> **DATA BELOW**

---+---

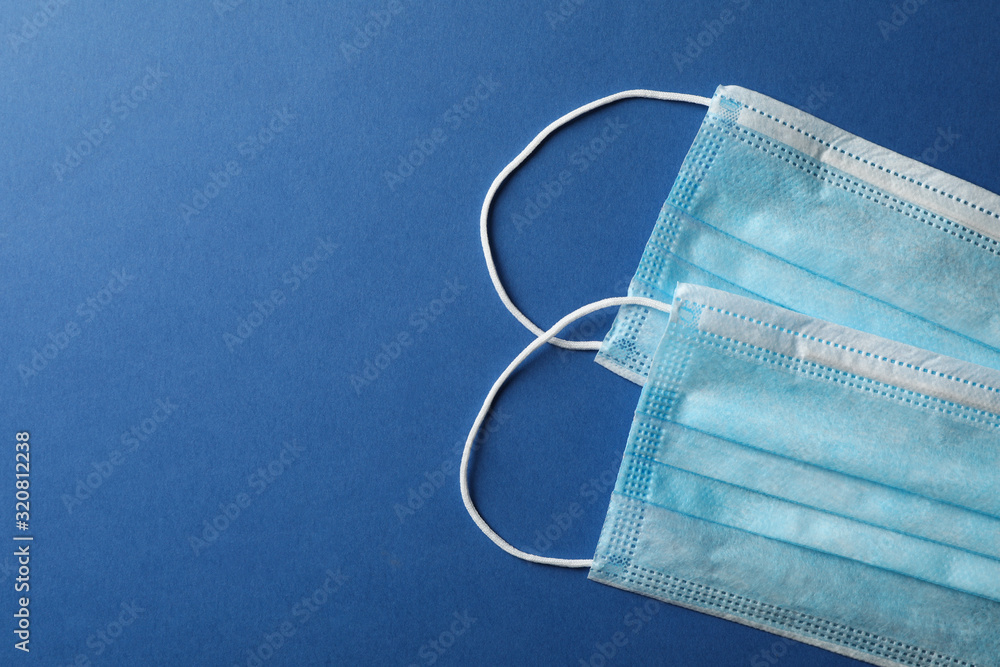 Protective mask on blue background, top view, space for text.Virus protection. Healthcare and medical concept Protective mask on blue background, top view, space for text.Virus protection. Healthcare and medical concept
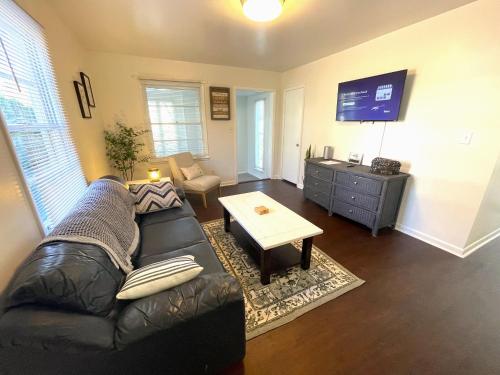 a living room with a leather couch and a table at 465 Gene Reed Rd in Birmingham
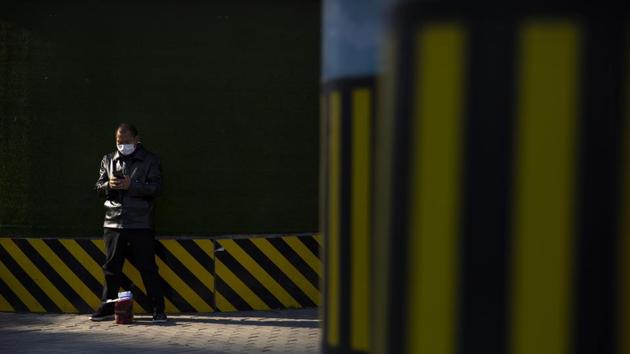 A man wearing a face mask to protect against the coronavirus uses his smartphone along a street during the morning rush hour in Beijing, Tuesday, Nov. 3, 2020. (AP) A man wearing a face mask to protect against the coronavirus uses his smartphone along a street during the morning rush hour in Beijing, Tuesday, Nov. 3, 2020. (AP)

---+---

Without the pictures, give every line of the data again, exactly as written.

> **RESULT**
 Protective mask on blue background, top view, space for text.Virus protection. Healthcare and medical concept Protective mask on blue background, top view, space for text.Virus protection. Healthcare and medical concept
 a living room with a leather couch and a table at 465 Gene Reed Rd in Birmingham
 A man wearing a face mask to protect against the coronavirus uses his smartphone along a street during the morning rush hour in Beijing, Tuesday, Nov. 3, 2020. (AP) A man wearing a face mask to protect against the coronavirus uses his smartphone along a street during the morning rush hour in Beijing, Tuesday, Nov. 3, 2020. (AP)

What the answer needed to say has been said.